━━━━━ Input data ━━━━━
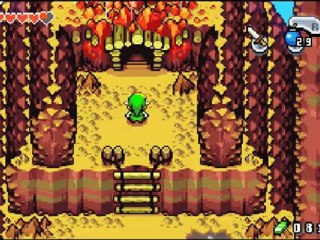 WT TLOZ The Minish Cap - 5 - 2ème temple  partie 1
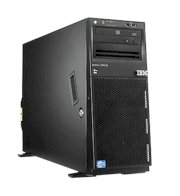 Server IBM System x3300 M4 (7382A2U) (Intel Xeon E5-2403 1.80GHz, RAM 4GB, Không kèm ổ cứng)
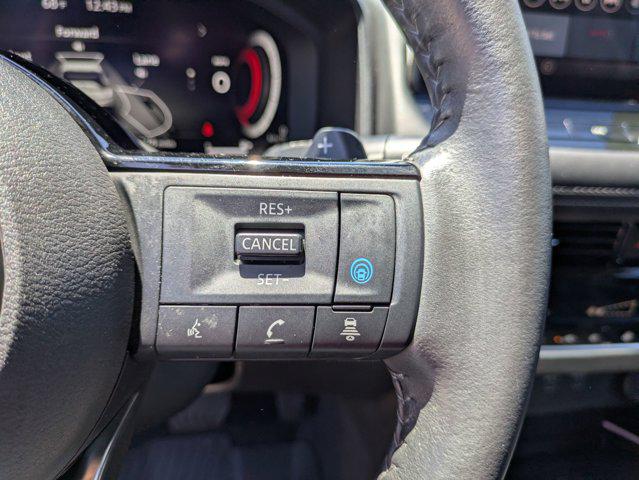 2024 Nissan Rogue SL FWD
━━━━━
- _Work order_
The material above is to be transcribed exactly, with all pictures omitted.

- _Result for this task_
 WT TLOZ The Minish Cap - 5 - 2ème temple  partie 1
 Server IBM System x3300 M4 (7382A2U) (Intel Xeon E5-2403 1.80GHz, RAM 4GB, Không kèm ổ cứng)
 2024 Nissan Rogue SL FWD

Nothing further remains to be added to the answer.